Data shown Start Marker

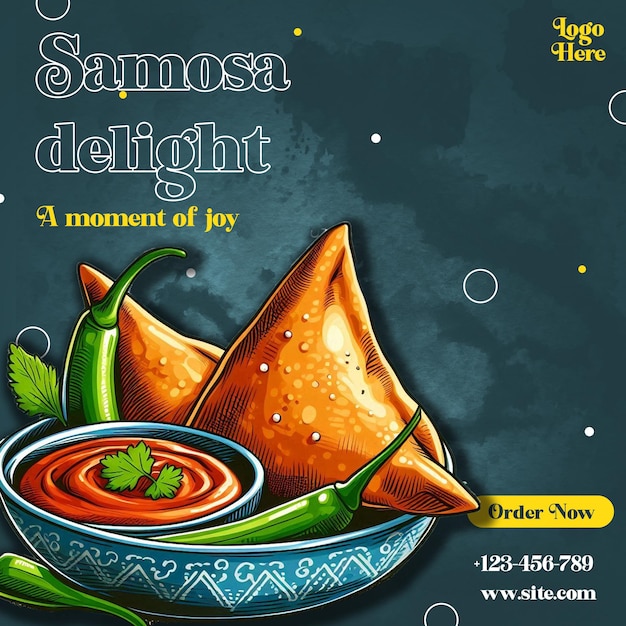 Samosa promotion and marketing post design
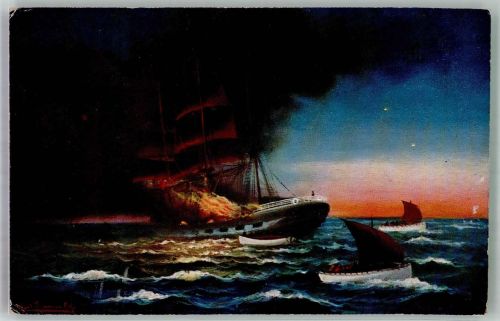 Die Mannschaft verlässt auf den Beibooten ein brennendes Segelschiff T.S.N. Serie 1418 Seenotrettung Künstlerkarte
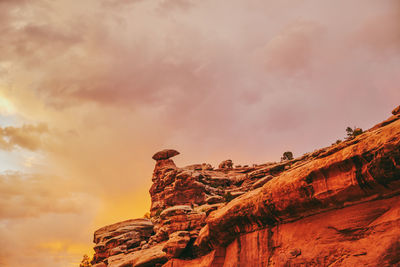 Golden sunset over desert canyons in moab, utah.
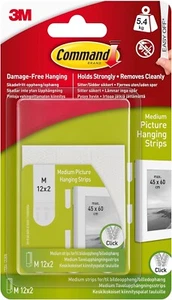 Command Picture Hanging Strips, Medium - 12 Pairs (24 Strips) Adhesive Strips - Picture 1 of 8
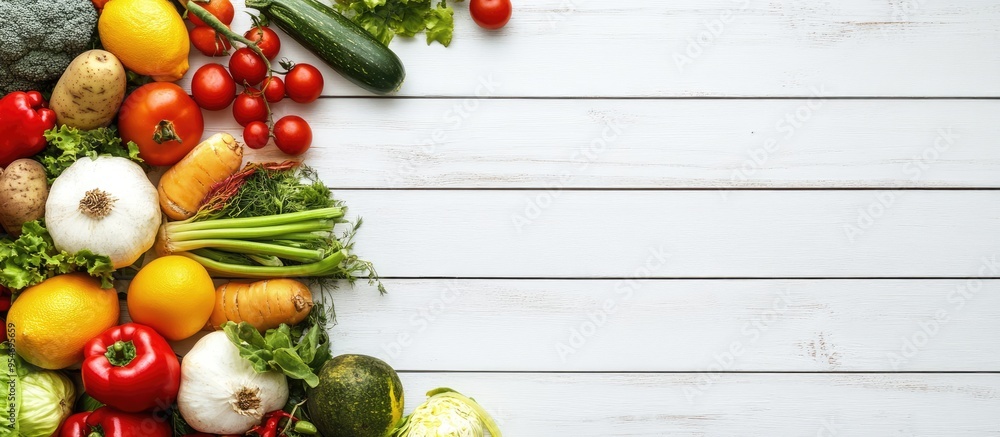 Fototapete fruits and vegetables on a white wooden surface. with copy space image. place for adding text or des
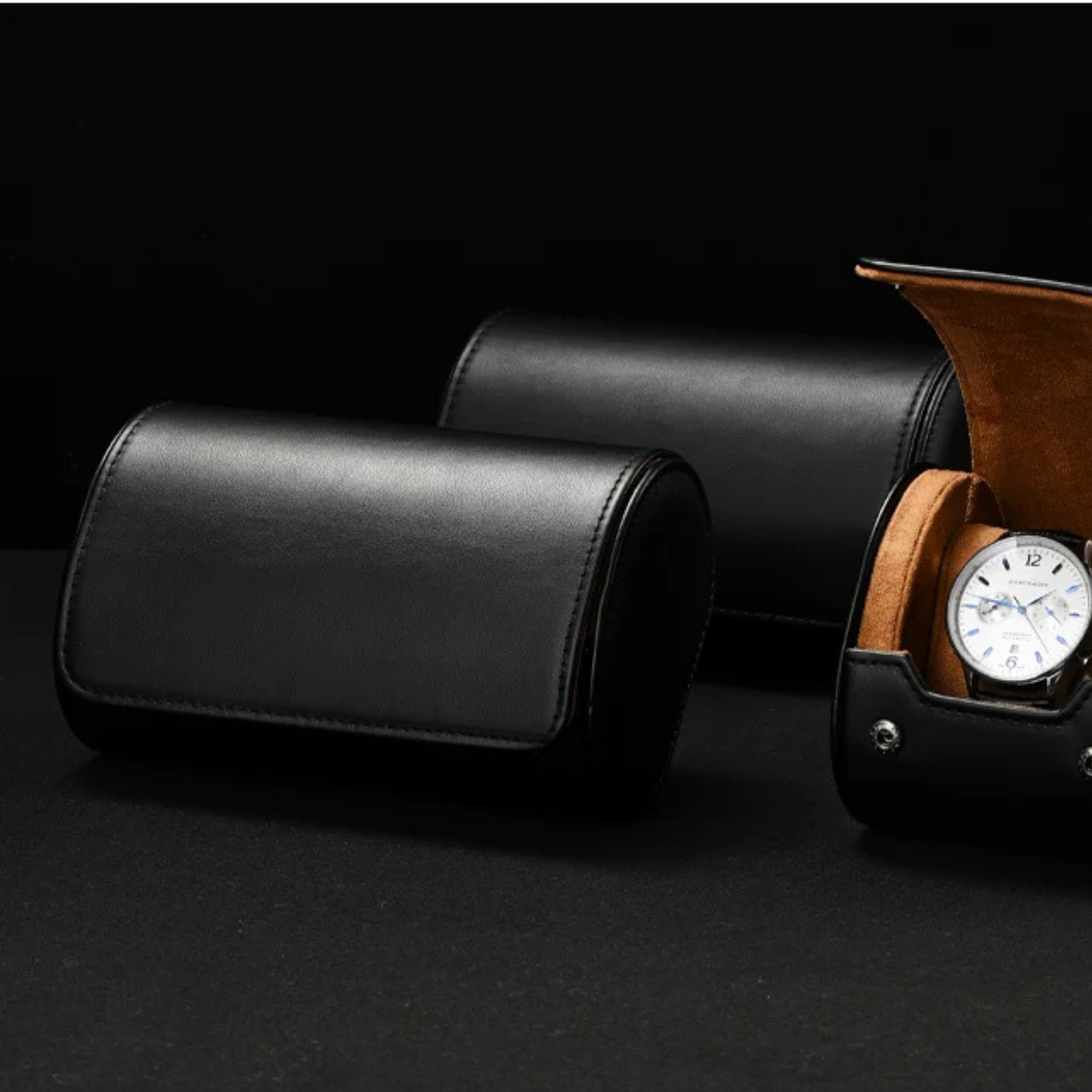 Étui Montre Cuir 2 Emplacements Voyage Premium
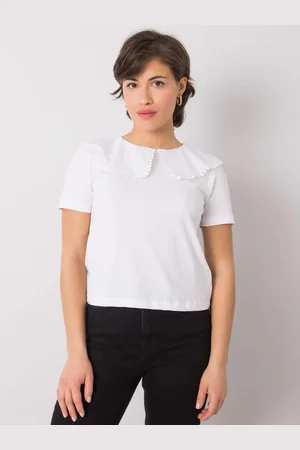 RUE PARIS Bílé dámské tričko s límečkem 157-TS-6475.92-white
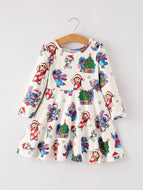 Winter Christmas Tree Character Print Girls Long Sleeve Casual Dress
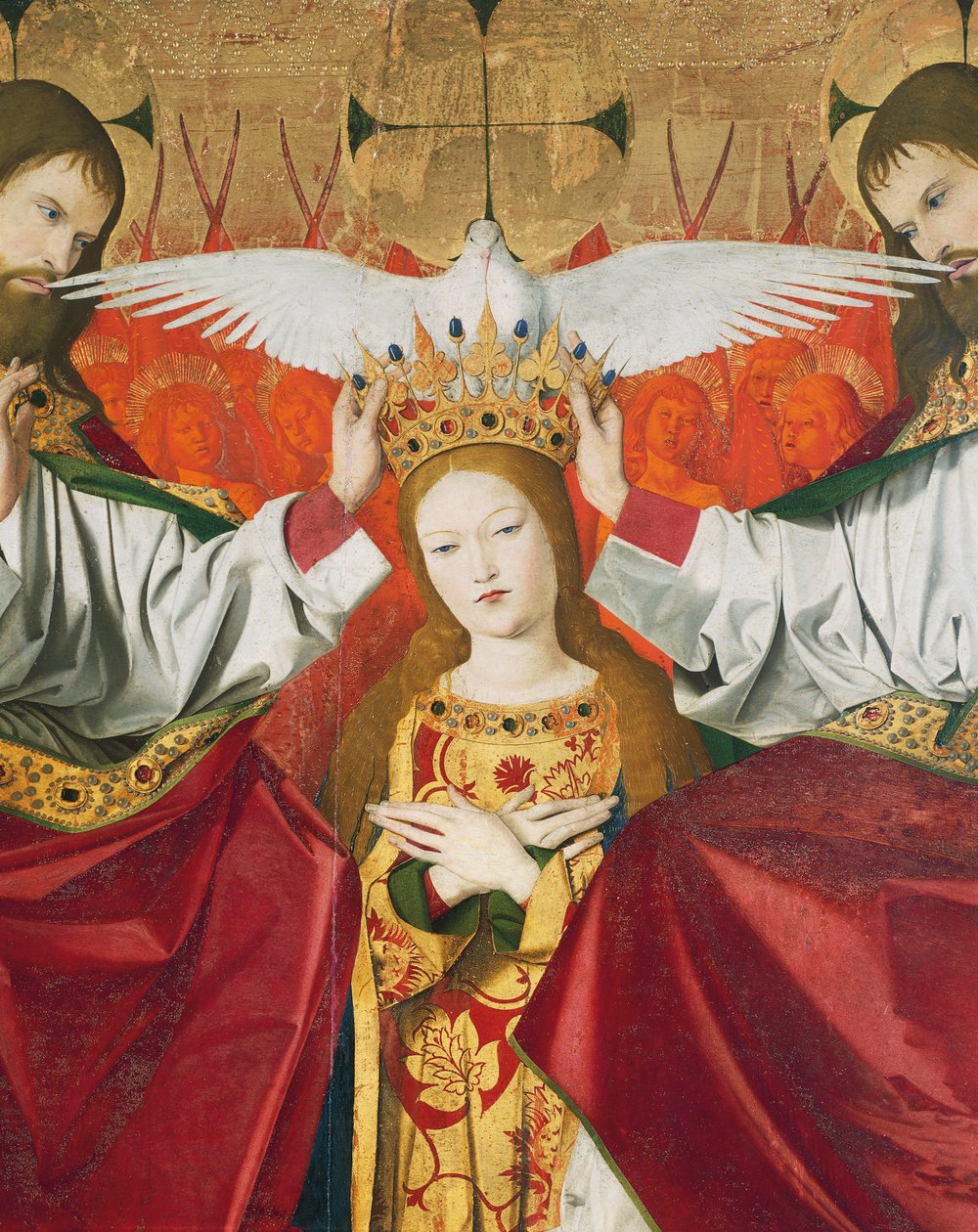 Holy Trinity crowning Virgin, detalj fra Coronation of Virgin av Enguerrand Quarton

Data shown End Marker

Copy exactly, please, the lines that run from the line holding "Command Picture Hanging" through the closing line of the material above, omitting every picture.

 Command Picture Hanging Strips, Medium - 12 Pairs (24 Strips) Adhesive Strips - Picture 1 of 8
 Fototapete fruits and vegetables on a white wooden surface. with copy space image. place for adding text or des
 Étui Montre Cuir 2 Emplacements Voyage Premium
 RUE PARIS Bílé dámské tričko s límečkem 157-TS-6475.92-white
 Winter Christmas Tree Character Print Girls Long Sleeve Casual Dress
 Holy Trinity crowning Virgin, detalj fra Coronation of Virgin av Enguerrand Quarton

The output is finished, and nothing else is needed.